Confieso que tardé en comprender qué significaban las inmatriculaciones, palabro de nuevo cuño que ni siquiera registra el diccionario rae, cuando hace ya unos años tuvimos noticias públicas de su existencia y el proceso de apropiación clerical estaba muy avanzado. Nunca he dudado de que la iglesia fuera a rapiñar lo que estuviera a su mano porque es esencialmente una entidad parasitaria pero me resultaba difícil de entender que un gobierno democrático, aunque fuera el de don Aznar, otorgara a las diócesis la condición de fedatarios públicos de los bienes de los que se apropiaban (otorgamiento que, por cierto, no ha dado lugar a ninguna protesta de la cofradía de fedatarios oficiales, notarios y registradores de la propiedad). Las inmatriculaciones son una forma típica del sesgo que tuvo la liberalización económica bajo la férula del pepé: liberalización del suelo para la especulación inmobiliaria, privatización de empresas públicas, todo lo cual ha fermentado la consabida corrupción, y un diezmo (no sé si primicia) de lo ganado para la iglesia, como ordenan sus mandamientos, en forma de inmatriculaciones. Por supuesto, la iglesia no lo ve de este modo, ni siquiera apela a la letra de la ley civil que le autoriza el negocio sino a un argumento típico y ligeramente delirante, a su estilo.
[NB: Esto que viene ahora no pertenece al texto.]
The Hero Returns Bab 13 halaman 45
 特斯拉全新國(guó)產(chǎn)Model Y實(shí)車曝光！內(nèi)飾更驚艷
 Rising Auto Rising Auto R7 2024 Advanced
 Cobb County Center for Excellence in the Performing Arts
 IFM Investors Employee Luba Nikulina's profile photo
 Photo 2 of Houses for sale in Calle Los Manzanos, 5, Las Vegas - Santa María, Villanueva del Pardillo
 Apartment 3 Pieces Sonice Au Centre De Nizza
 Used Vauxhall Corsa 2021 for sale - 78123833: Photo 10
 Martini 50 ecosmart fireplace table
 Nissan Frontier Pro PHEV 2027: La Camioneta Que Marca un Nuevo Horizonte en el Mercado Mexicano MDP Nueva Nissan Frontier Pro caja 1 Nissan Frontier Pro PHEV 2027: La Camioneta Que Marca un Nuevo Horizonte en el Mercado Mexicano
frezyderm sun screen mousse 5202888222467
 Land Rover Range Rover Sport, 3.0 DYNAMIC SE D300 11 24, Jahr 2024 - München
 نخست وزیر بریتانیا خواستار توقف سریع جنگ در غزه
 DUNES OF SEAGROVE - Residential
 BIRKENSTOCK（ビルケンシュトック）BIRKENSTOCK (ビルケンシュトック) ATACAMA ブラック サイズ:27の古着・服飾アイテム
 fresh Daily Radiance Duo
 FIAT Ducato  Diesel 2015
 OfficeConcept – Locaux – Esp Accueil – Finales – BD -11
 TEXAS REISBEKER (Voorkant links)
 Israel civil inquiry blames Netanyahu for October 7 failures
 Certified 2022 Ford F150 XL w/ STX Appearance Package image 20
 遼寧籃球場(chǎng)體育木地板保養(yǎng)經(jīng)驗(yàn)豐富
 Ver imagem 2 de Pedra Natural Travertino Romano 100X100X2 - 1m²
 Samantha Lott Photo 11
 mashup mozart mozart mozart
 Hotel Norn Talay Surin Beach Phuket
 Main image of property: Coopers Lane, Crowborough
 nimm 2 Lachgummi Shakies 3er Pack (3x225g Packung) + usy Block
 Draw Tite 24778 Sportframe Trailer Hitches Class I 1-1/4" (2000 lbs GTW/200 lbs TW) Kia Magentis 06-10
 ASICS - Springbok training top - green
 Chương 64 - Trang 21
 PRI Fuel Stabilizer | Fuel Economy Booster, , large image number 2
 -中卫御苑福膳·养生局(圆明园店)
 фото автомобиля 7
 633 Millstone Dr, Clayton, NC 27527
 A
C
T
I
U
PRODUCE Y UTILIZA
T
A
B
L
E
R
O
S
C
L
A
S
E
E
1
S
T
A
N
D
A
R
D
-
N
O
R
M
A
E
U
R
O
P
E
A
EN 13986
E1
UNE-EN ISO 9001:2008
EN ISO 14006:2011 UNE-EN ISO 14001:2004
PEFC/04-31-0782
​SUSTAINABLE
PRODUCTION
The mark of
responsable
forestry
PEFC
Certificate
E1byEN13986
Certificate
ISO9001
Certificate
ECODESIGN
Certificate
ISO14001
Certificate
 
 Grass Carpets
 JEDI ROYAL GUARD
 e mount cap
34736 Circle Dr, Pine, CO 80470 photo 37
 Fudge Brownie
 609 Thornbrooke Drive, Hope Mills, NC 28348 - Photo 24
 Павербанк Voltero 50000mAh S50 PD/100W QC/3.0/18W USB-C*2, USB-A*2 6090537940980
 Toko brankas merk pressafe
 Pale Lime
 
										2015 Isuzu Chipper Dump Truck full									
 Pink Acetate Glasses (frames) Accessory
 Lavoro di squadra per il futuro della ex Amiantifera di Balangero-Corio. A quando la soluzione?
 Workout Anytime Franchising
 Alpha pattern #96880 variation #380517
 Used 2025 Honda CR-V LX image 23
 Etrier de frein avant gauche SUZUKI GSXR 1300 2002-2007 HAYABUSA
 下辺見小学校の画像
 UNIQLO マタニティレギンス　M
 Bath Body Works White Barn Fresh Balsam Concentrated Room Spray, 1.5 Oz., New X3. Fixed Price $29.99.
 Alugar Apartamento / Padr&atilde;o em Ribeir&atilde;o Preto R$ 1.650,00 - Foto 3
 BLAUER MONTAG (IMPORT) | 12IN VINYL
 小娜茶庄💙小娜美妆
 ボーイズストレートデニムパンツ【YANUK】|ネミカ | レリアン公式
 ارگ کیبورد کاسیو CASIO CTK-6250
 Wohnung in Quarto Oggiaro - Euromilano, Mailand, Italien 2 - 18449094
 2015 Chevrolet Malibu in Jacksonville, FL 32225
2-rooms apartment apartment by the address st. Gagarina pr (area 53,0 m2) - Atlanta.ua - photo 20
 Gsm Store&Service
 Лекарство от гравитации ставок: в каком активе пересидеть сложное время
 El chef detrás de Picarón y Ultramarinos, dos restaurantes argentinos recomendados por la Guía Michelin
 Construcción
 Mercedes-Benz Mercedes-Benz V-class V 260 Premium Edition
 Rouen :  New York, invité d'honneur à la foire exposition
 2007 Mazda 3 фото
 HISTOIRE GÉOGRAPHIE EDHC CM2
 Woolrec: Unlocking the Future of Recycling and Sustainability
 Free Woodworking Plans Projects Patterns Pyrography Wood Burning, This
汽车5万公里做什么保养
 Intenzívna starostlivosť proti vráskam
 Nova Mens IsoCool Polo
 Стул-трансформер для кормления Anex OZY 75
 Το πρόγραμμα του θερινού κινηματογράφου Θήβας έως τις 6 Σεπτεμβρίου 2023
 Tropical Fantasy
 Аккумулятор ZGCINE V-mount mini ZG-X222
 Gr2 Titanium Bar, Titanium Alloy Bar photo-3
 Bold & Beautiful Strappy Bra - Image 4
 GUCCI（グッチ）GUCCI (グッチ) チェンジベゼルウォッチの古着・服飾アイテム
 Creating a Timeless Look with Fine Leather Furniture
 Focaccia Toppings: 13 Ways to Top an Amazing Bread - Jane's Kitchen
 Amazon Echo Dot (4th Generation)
La Iglesia solo ha inmatriculado aquellos edificios que en su momento construyó el pueblo cristiano con un fin muy determinado: rezar, celebrar la eucaristía juntos, reunirse, etc. Ha inmatriculado, por tanto, también las casas anexas a las parroquias. Al leer lo de las casas anexas no he podido evitar una punzada de espanto. La casa desde la que escribo estas líneas linda al otro lado de calle con la parroquia de San Miguel cuyo campanero loco trepana en estos momentos la cabeza de los inquilinos para arrebatarles, digo yo, el alma, o en su defecto la tranquilidad y obligarles a huir a fin de convertir este modesto cubil en un bien mostrenco susceptible de inmatriculación. Por la época en que se construyó, los albañiles eran sin duda cristianos por las buenas o por las malas, como dice la ordenanza, así que ya tenemos un requisito. En esta remota provincia subpirenaica las inmatriculaciones han sido numerosas y variadas, han afectado sobre todo a bienes del ámbito rural y tuvieron una respuesta civil temprana, si bien minoritaria, y por ahora con escasos frutos. El gestor de estas apropiaciones en nombre de la diócesis fue un cura hijo de un prestigioso abogado de la plaza que fundó y presidió el partido de derecha que ha gobernado la provincia durante más de un cuarto de siglo. Quién sabe si ahora que ha cambiado el gobierno regional habrá también un giro en la situación, como el que al parecer va a llevar a cabo el gobierno central, aunque más vale no alimentar esperanzas.